START Data to use

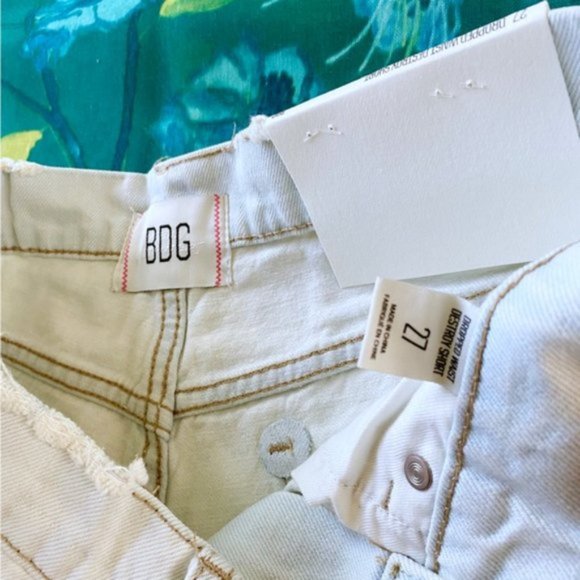 Urban Outfitters | BDG Dropped Waist Distressed Destroy Denim Short Light Blue - Picture 9 of 11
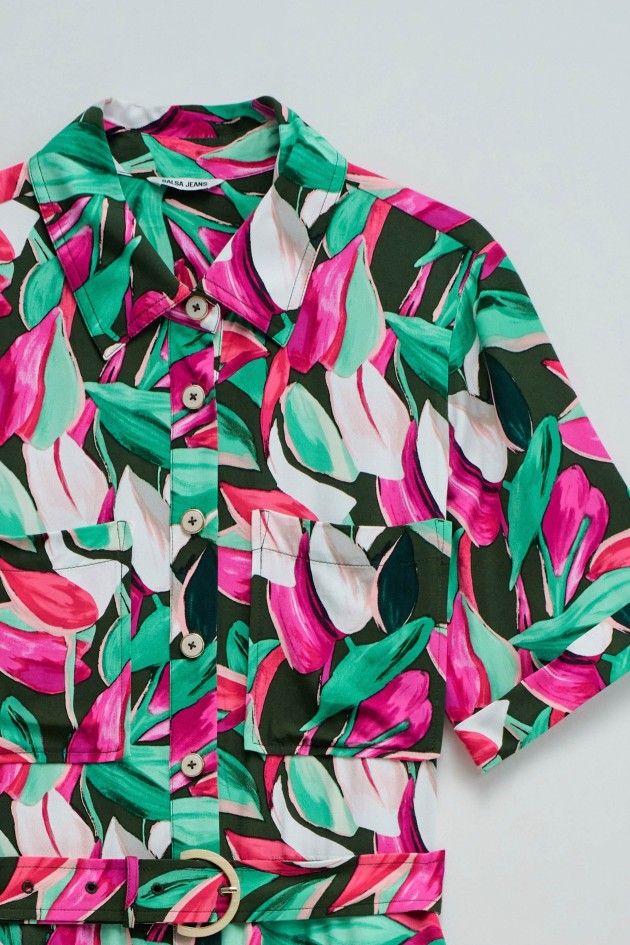 MACACÃO COM PADRÃO FLORAL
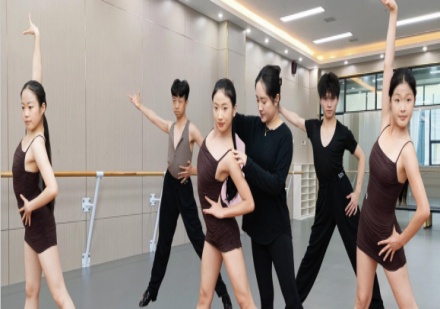 舞蹈表演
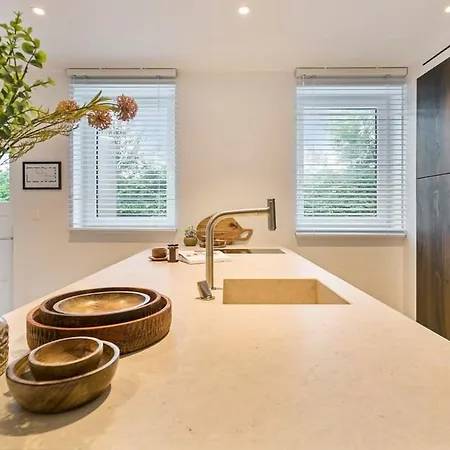 Huswell - Luxurious In With Sauna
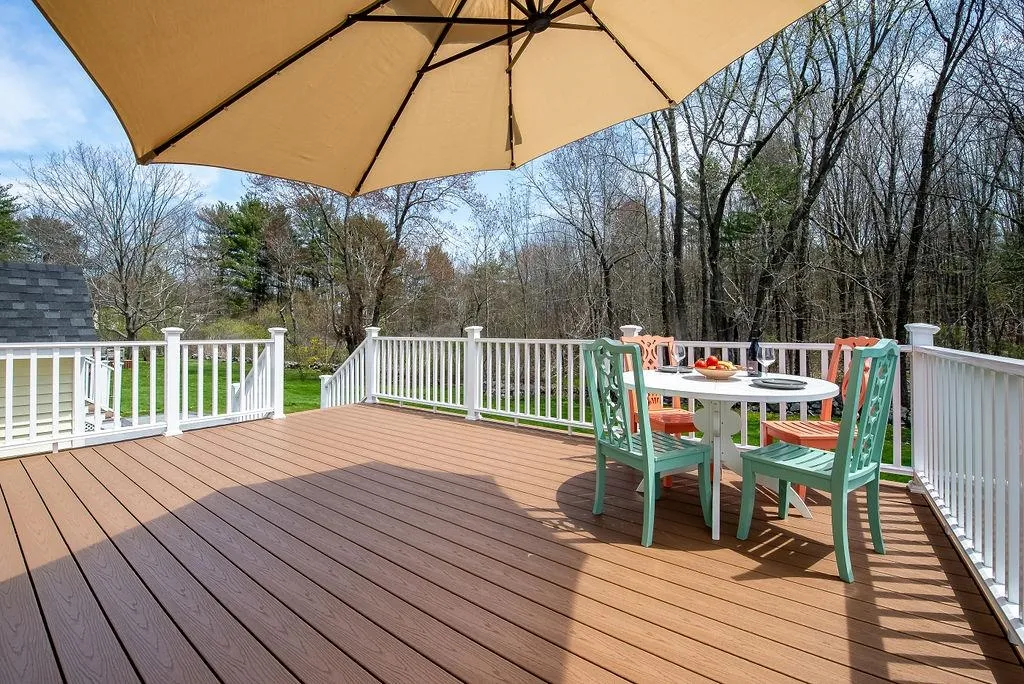 14 Harding Road Portsmouth NH 03801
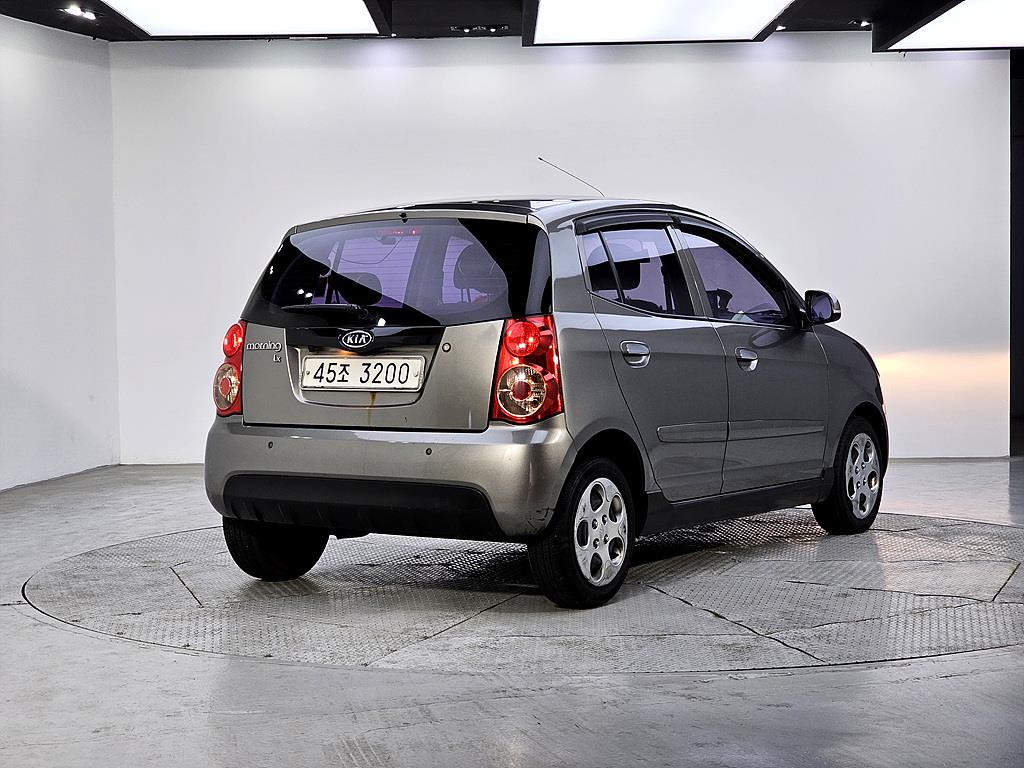 KIA Morning - Vista 4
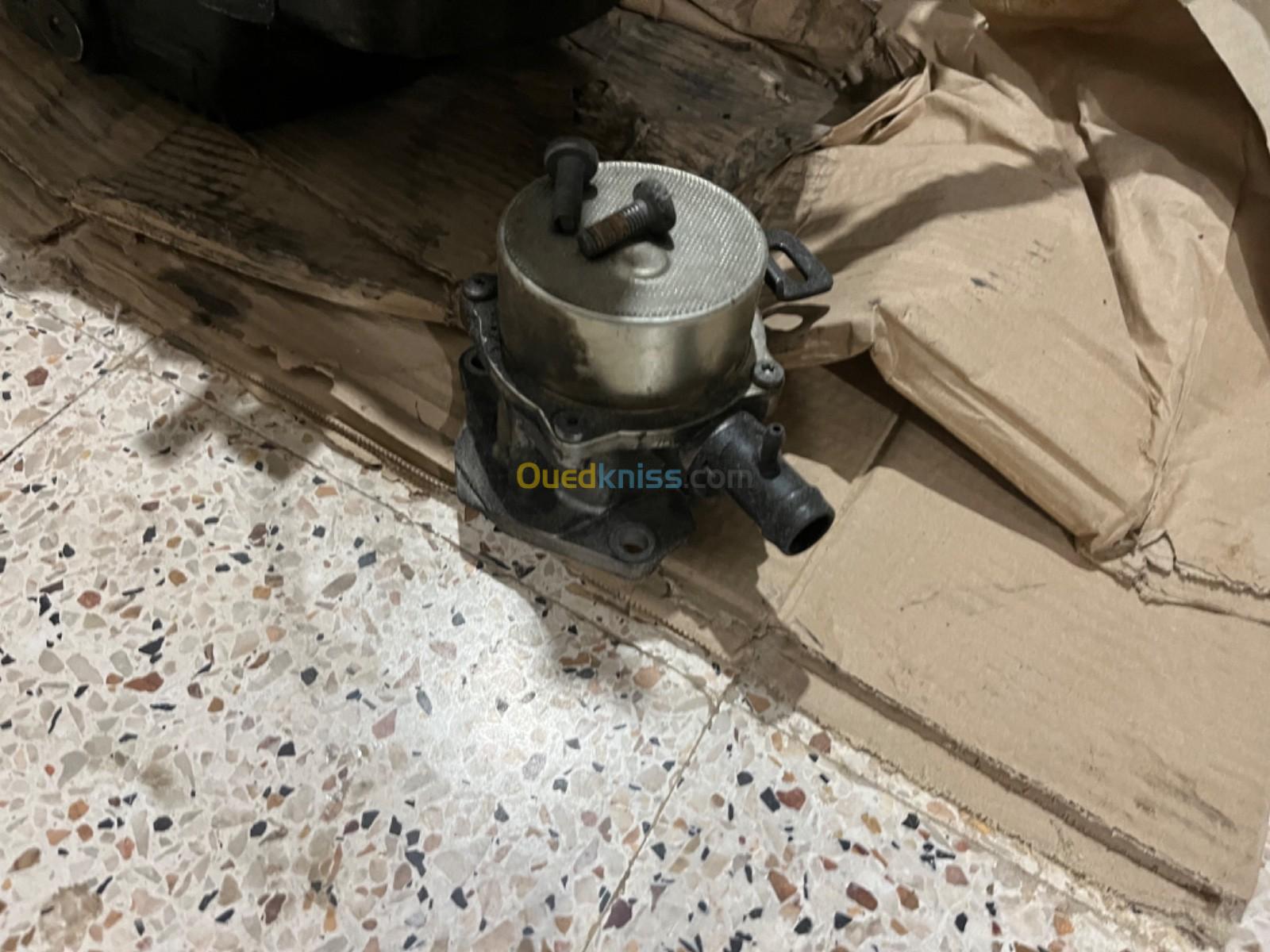 Moteur 1.5 dci pièces détachées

END Data to use

What to produce
All lines from the one containing "KIA Morning - Vista 4" through the end of the entries above must be given again exactly, with every picture omitted.

Answer box
 KIA Morning - Vista 4
 Moteur 1.5 dci pièces détachées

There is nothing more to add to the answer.